Quantum advantage for learning shallow neural networks with natural data distributions
Laura Lewis, Dar Gilboa, Jarrod R. McClean
TL;DR
This work investigates quantum advantages in learning real-valued, Fourier-sparse functions under non-uniform data. It develops a two-stage quantum algorithm that first uses period-finding to recover the inner linear map $w\star$ and then applies gradient methods to learn the outer periodic coefficients $\beta^{\star}$, achieving exponential quantum speedups over classical gradient-based learners for broad distribution families (Gaussian, generalized Gaussian, logistic). The analysis extends Hallgren-type irrational period finding to pseudoperiodic and non-uniform settings via a tailored verification procedure, enabling efficient learning with QSQ access to discretized quantum example states.
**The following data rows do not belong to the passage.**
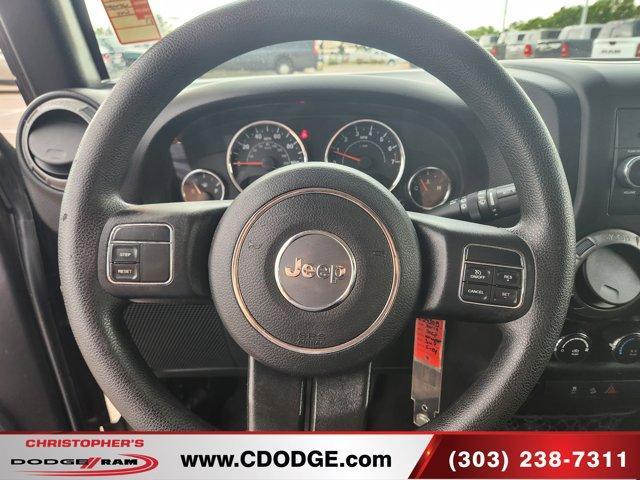 used 2017 Jeep Wrangler car, priced at $17,991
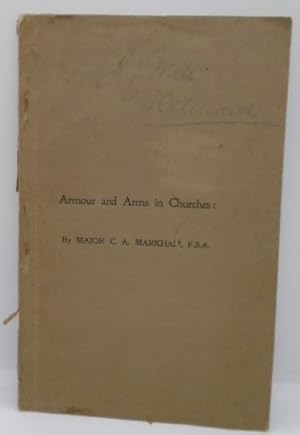 Seller image for Armour and Arms in Churches for sale by Juniper Books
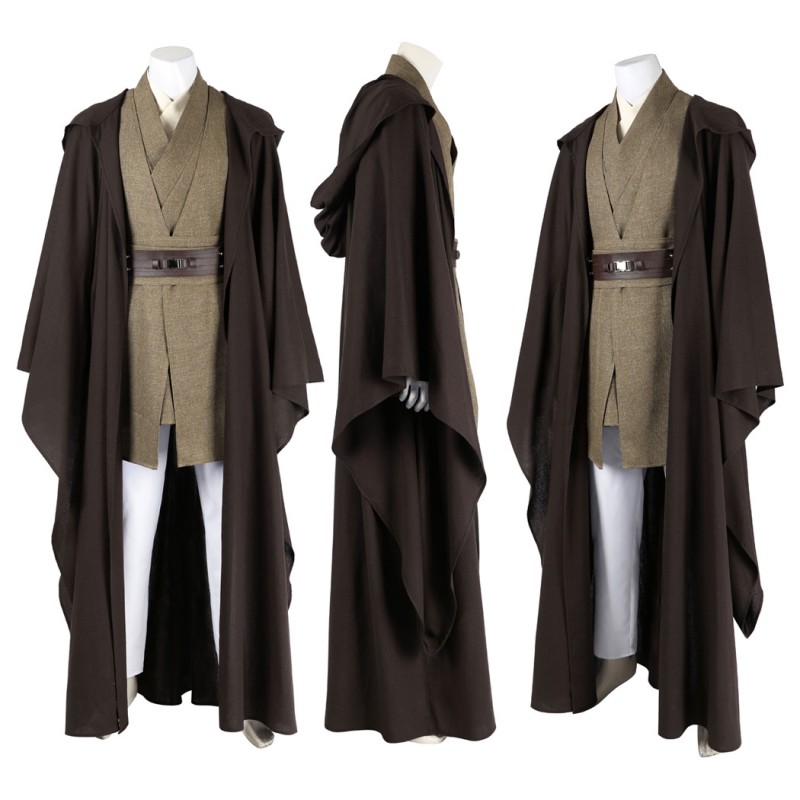 Mace Windu Halloween Costumes Star Wars Jedi Knight Cosplay Suit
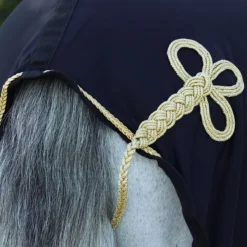 Zweetdeken Horsegear Lyx Zwart -Ruiter Hoek Verkoopwinkel zweetdeken horsegear lyx zwart 1500x1500 120622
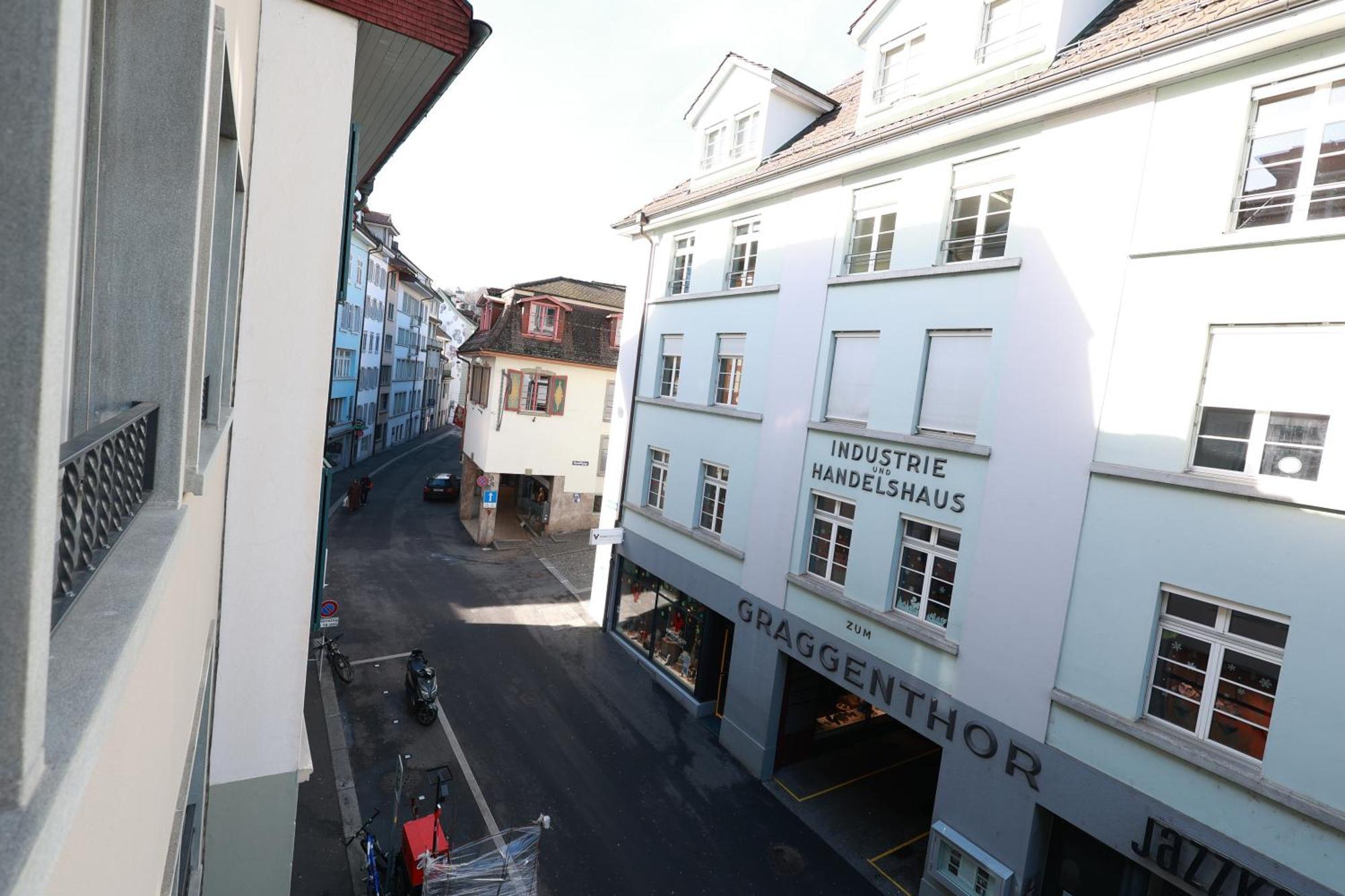 Kobi Apartments Falkenplatz Luzern Kültér fotó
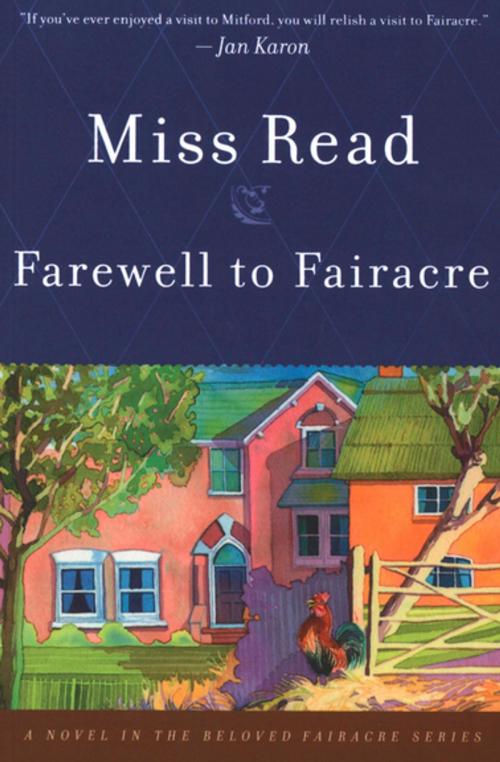 Cover of the book Farewell to Fairacre by Miss Read, Houghton Mifflin Harcourt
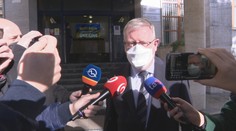 VIDEO: Ruskému veľvyslancovi na Slovensku nebolo do reči. Po pár vetách od novinárov odišiel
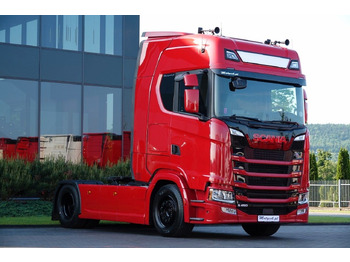 Tractor unit Scania S 450 / RETARDER / I-PARK COOL/ OPONY 100 % /: picture 2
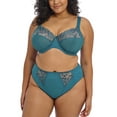 thumbnail image 5 of Elomi Zarla High Leg Brief Panty (302553),Large,Ocean Depths, 5 of 7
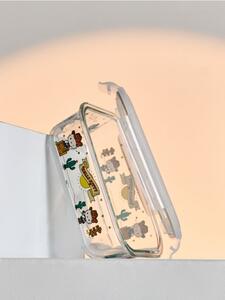 Sinsay - Sklenená nádoba na potraviny s viečkom Hello Kitty - viacfarebná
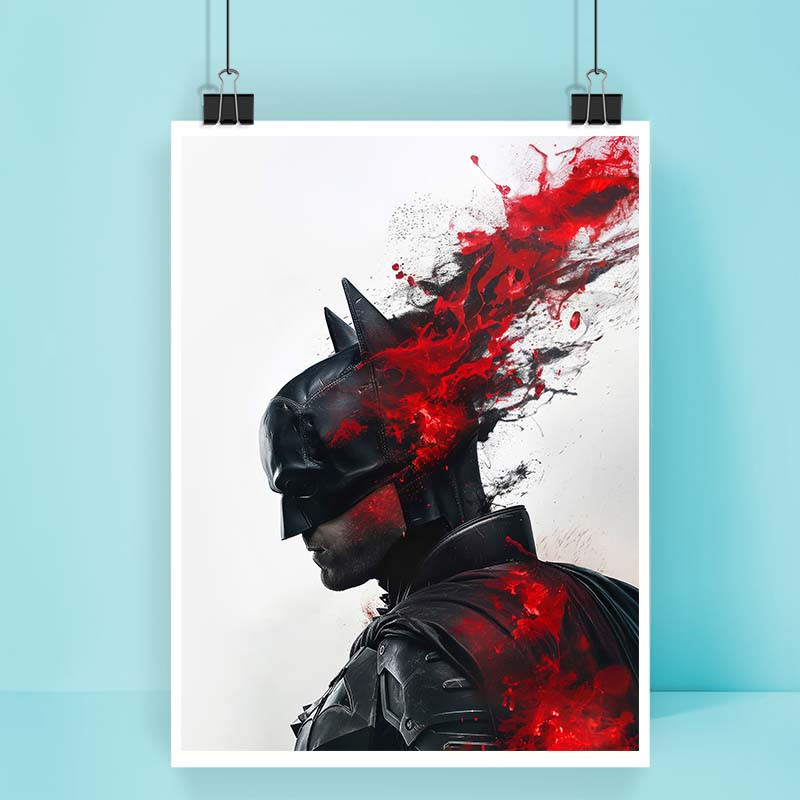 پوستر کارنيکا طرح بتمن Batman کد 71181 مجموعه 8 عددی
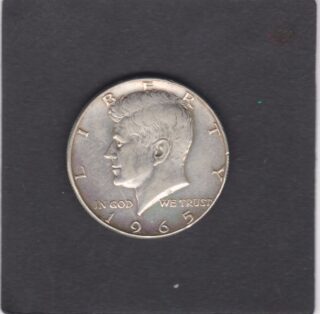 1965 - Half Dollar - John Fitzgerald Kennedy - U.S.A.
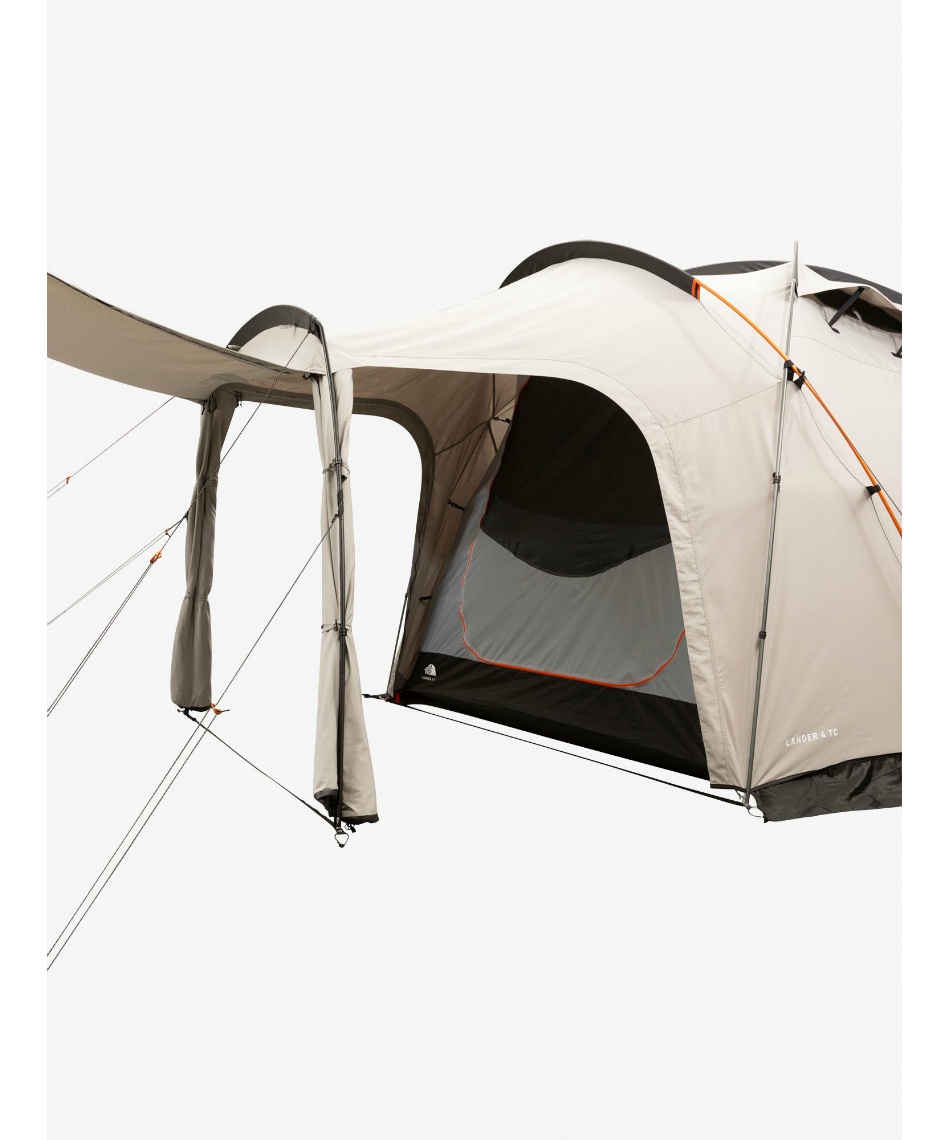 ザ・ノース・フェイス(THE NORTH FACE) テント ドームテント ランダー4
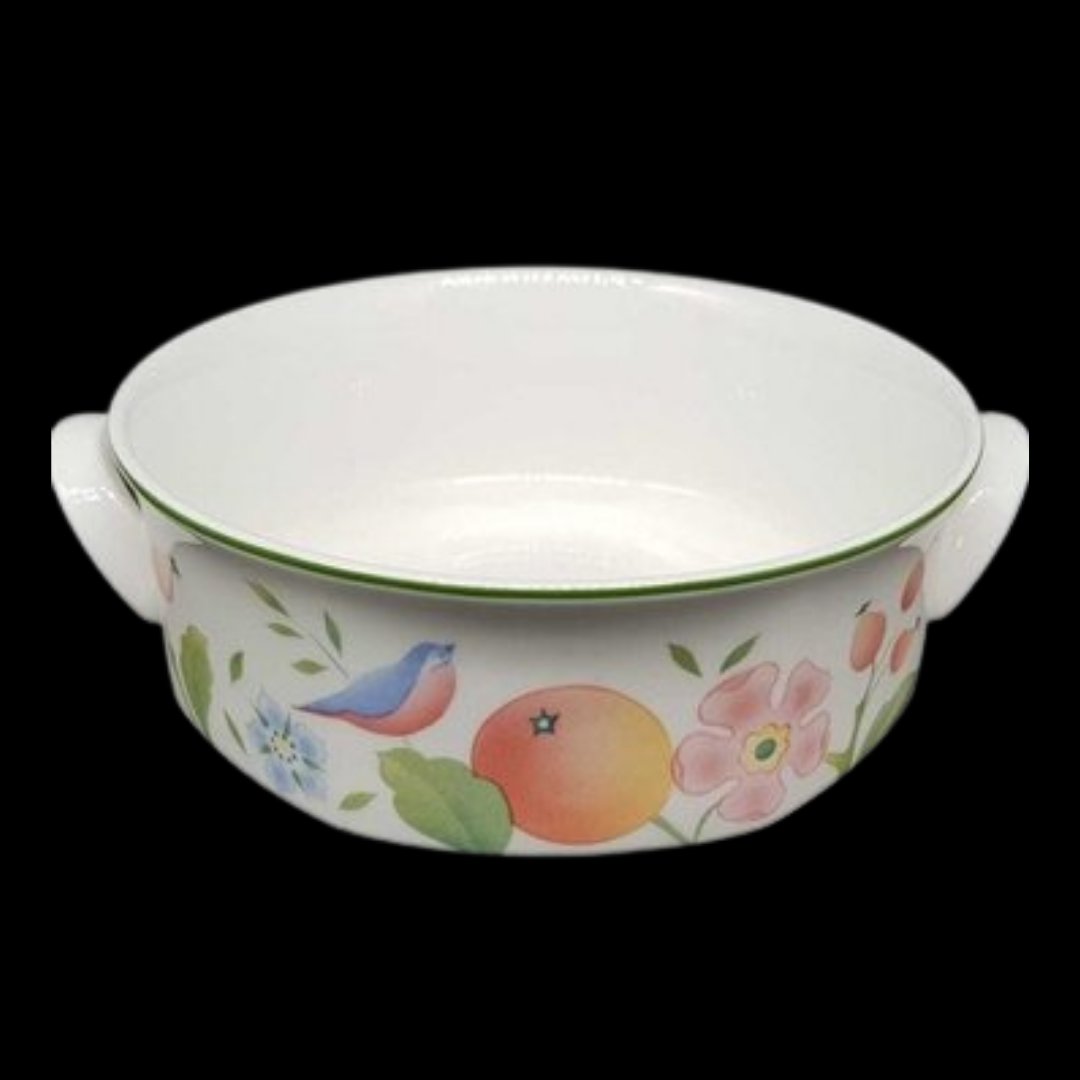 Villeroy & Boch Orangerie: Suppentasse - Griffe waagerecht Villeroy & Boch (7120951836809)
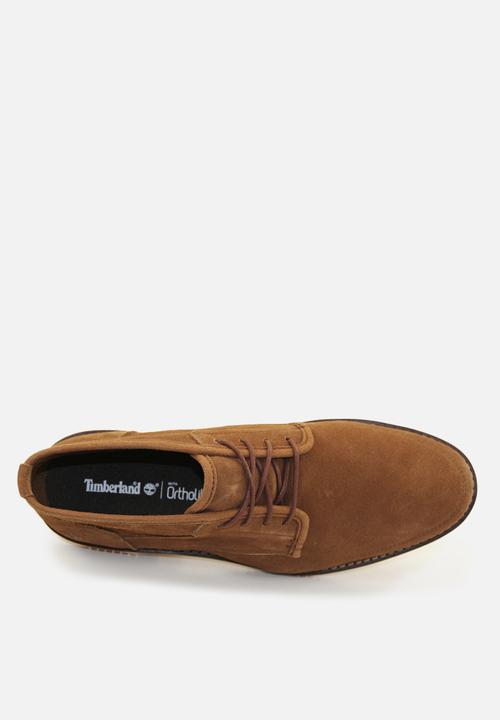 Timberland - FG suede half cab chukka - tan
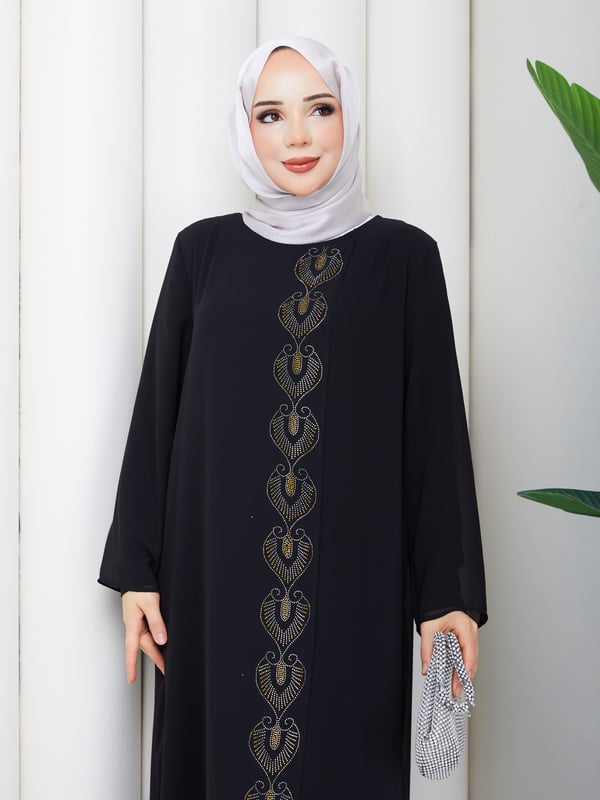 Sara Elbise Siyah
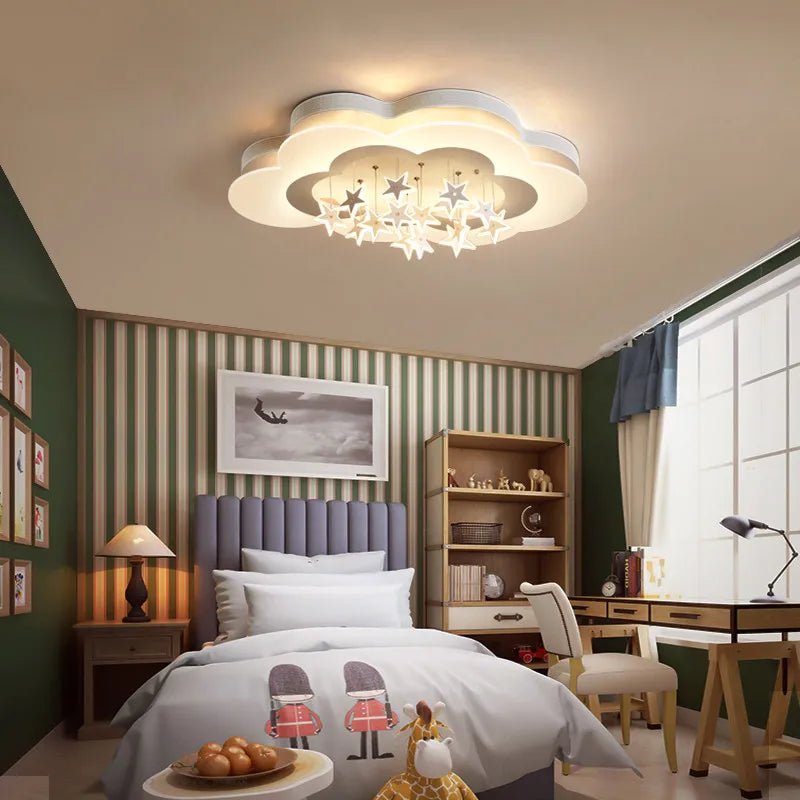 Kids Star Chandelier - Caleto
The results close part of the gap between uniform-distribution advantages and distribution-free impossibility by showing exponential quantum gains for a natural real-valued function class—periodic neurons—across practically relevant distributions. The work also discusses practical considerations for quantum data encoding, potential applicability to real-world models, and several open questions around hardness strengthening and broader distribution classes.
Abstract
The application of quantum computers to machine learning tasks is an exciting potential direction to explore in search of quantum advantage. In the absence of large quantum computers to empirically evaluate performance, theoretical frameworks such as the quantum probably approximately correct (PAC) and quantum statistical query (QSQ) models have been proposed to study quantum algorithms for learning classical functions. Despite numerous works investigating quantum advantage in these models, we nevertheless only understand it at two extremes: either exponential quantum advantages for uniform input distributions or no advantage for potentially adversarial distributions. In this work, we study the gap between these two regimes by designing an efficient quantum algorithm for learning periodic neurons in the QSQ model over a broad range of non-uniform distributions, which includes Gaussian, generalized Gaussian, and logistic distributions. To our knowledge, our work is also the first result in quantum learning theory for classical functions that explicitly considers real-valued functions. Recent advances in classical learning theory prove that learning periodic neurons is hard for any classical gradient-based algorithm, giving us an exponential quantum advantage over such algorithms, which are the standard workhorses of machine learning. Moreover, in some parameter regimes, the problem remains hard for classical statistical query algorithms and even general classical algorithms learning under small amounts of noise.